Free Beta
Home / Docs / Memory System

Memory System

Persistent Memory · Per-Character · Full-Text Search

Overview

TokForge remembers things about you across conversations. Instead of repeating yourself, your AI remembers your preferences, goals, constraints, and the knowledge you share with it. All memory stays on your device — nothing is sent to the cloud. The system automatically deduplicates similar facts, extracts new memories from conversations, and uses semantic embeddings to find relevant memories even when you phrase things differently.

The memory system stores three types of information per character:

Memory Facts

Individual pieces of information like "prefers formal language", "is a software engineer", or "lives in Austin". Facts can be manually added by you, automatically extracted from conversations, or imported. Important facts are always included in the AI's context window, so they're never forgotten.

Knowledge Graph

Structured relationships between entities. When you say "I like coffee", TokForge creates a connection: You → prefers → coffee. These relationships build up over time into a web of knowledge about you. The more you mention something, the stronger the connection becomes.

Reference Documents

Import text documents as background knowledge for a character. Perfect for giving a character context about a D&D campaign setting, a project brief, your personal notes, or anything else that should be part of their understanding about you.

Memory Facts

Facts are the core of TokForge's memory. They're individual snippets of information about you, your preferences, and your context.

What Gets Stored

Examples of facts TokForge might learn or store:

  • Preferences: "prefers coffee over tea", "likes structured agendas"
  • Identity: "is a software engineer", "lives in Austin, Texas"
  • Goals: "learning Japanese", "wants to build a side project"
  • Constraints: "avoids dairy", "cannot work past 6pm"
  • Relationships: "close friends with Alex", "works with Sarah"
  • Issues: "experienced a bug with model loading", "having trouble with authentication"

How Facts Are Created

Automatic extraction: When you chat naturally with a character, TokForge listens for memorable information and extracts facts automatically. No work required.

Manual addition: Open the Memory screen and add facts directly via the "+" button. These facts are automatically pinned so they won't be removed.

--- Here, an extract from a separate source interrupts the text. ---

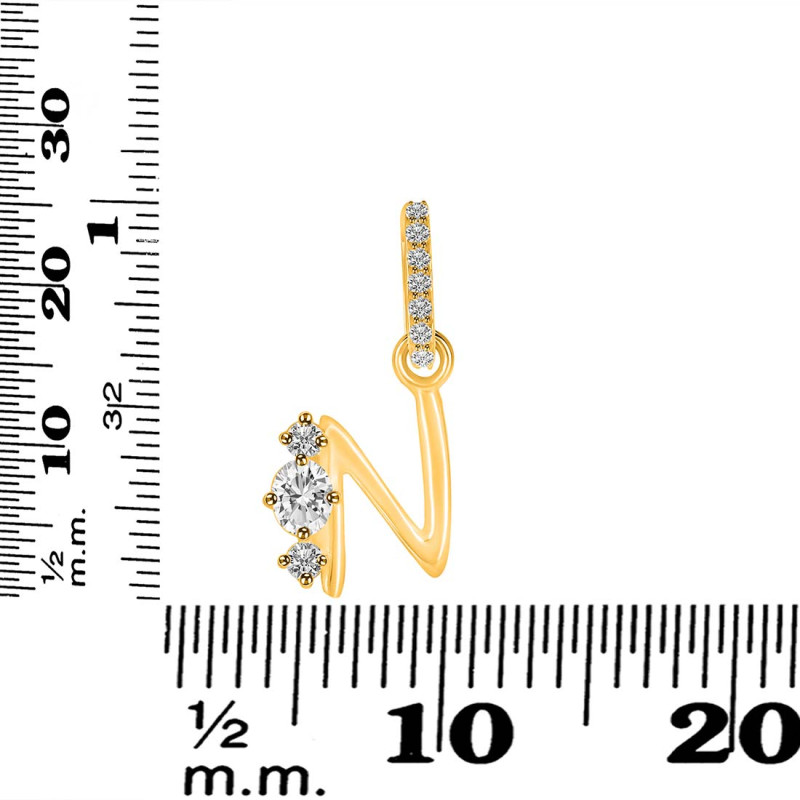 Cubic Zirconia Alphabet N Pendant CUZ-RDA-92.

Import: Bring in facts from external sources if needed.

Deduplication

TokForge automatically detects and removes duplicate facts to keep your memory clean and focused. The system uses multi-layer deduplication: keyword-based matching catches obvious duplicates, while semantic similarity (using MiniLM embeddings) catches subtle near-duplicates like "enjoys hiking" vs. "likes mountain trails". This prevents memory bloat from redundant information.

Importance Scoring

TokForge automatically scores facts by importance (0-10 scale). Facts about critical preferences, constraints, or goals score higher. More important facts are always kept in the AI's context window, ensuring they're never forgotten. Less important facts that haven't been used in a while are automatically cleaned up after 90 days (though you can pin important ones to protect them).

Managing Facts

  • Create facts: Manually add facts for a character via the Memory screen or API
  • Pin facts: Protect important facts from auto-cleanup. Pinned facts always stay in memory.
  • Archive facts: Hide old facts instead of deleting them. Archived facts won't be used in conversations but are kept for your records.
  • Search facts: Use full-text search to find any fact by keyword.
  • Edit facts: Update fact wording, importance score, or category anytime.
  • Hard delete facts: Permanently remove facts you no longer need.

Knowledge Graph

The knowledge graph is a structured map of relationships extracted from your facts and conversations. It captures who knows whom, what you prefer, where you live, what you own, and more.

How It Works

When you tell a character something like:

  • "I live in New York" → You → lives_in → New York
  • "I'm a software engineer" → You → works_as → software engineer
  • "I like coffee" → You → prefers → coffee
  • "Sarah is my colleague" → You → works_with → Sarah

These relationships strengthen over time. If you mention coffee five times, the "prefers coffee" connection gets stronger. The AI sees these patterns and uses them to better understand your preferences and context.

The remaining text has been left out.